Tyron’E Hawkins is on her way to being crowned National American Miss.

Or so she hopes.

The Baton Rouge native and Hammond resident will compete in the National American Miss next month in California.

This will be the first time Hawkins, a competitive dancer since age 2, will compete nationally. Earlier this year, Hawkins was crowed National American Miss for Louisiana, among women ages 19-20, after completing a phone interview, writing an essay and submitting both her picture and a resume.

At age 20, it was her first pageant win and only her second time competing in a pageant.

“It just seemed all really cool so I started to do a lot of research about it (the pageant),” Hawkins said.

Hawkins said she tried out for the pageant to represent Louisiana, and show other girls that they can accomplish their dreams.

“It shows people that it’s always good to experience new things,” Hawkins said.

Her platform is Get Up, Get Moving and Stay Active, which aims to help youths stay active and eat healthy.

According to the Facebook page, the National American Miss is the “No. 1 program in America for growing confidence in girls ages 4-18.”

The National American Miss pageants are dedicated to celebrating America’s greatness and encouraging its future leaders, the Facebook page said.

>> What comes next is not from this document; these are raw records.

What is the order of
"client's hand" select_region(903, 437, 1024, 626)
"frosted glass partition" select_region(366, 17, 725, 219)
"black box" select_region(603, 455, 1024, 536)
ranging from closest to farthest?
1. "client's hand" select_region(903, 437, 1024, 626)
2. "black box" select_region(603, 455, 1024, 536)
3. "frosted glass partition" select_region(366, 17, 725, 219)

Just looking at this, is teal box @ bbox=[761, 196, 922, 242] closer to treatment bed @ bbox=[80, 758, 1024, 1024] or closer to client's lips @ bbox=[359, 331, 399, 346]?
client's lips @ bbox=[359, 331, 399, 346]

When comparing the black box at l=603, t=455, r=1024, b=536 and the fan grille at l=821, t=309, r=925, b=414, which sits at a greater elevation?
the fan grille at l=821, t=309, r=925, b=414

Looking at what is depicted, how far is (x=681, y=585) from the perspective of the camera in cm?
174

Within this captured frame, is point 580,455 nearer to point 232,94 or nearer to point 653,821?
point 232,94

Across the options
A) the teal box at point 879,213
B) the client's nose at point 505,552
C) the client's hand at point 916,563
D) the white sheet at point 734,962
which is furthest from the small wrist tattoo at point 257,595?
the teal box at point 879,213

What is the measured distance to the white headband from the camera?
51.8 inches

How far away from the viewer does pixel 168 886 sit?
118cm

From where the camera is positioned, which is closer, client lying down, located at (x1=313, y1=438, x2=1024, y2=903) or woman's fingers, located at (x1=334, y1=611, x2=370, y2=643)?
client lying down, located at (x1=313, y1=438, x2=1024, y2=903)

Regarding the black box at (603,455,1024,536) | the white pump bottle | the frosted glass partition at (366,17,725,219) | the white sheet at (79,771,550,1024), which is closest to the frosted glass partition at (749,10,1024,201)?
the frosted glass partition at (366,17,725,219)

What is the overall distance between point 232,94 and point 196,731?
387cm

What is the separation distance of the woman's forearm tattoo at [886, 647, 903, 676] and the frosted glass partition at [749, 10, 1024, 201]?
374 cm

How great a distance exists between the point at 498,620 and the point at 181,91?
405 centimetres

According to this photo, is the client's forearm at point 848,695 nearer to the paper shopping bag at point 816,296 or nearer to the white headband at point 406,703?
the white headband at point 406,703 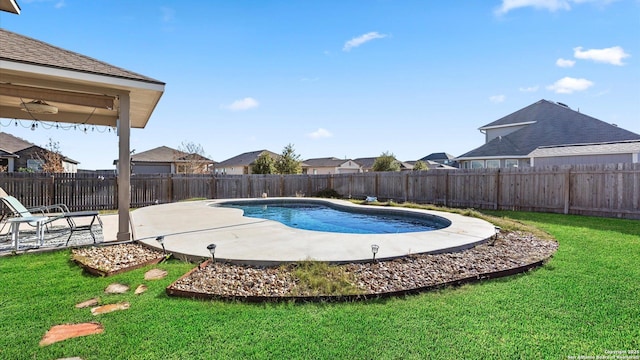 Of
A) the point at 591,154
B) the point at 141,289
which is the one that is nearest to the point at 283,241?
the point at 141,289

“Each year, the pageant awards one million dollars in cash, scholarships and prizes to recognize and assist the development of young women nationwide,” the pageant claims on the Facebook page. “Whether this is your first pageant, or you have been in a pageant before, this is the pageant you have been looking for. National American Miss is an opportunity like no other. You’ll gain poise, self-confidence and valuable communication skills. You’ll feel good about yourself and gain the competitive edge to succeed later in whatever field you may choose, from modeling to business.”

The program, Hawkins said, is not affiliated with Miss America or Miss USA.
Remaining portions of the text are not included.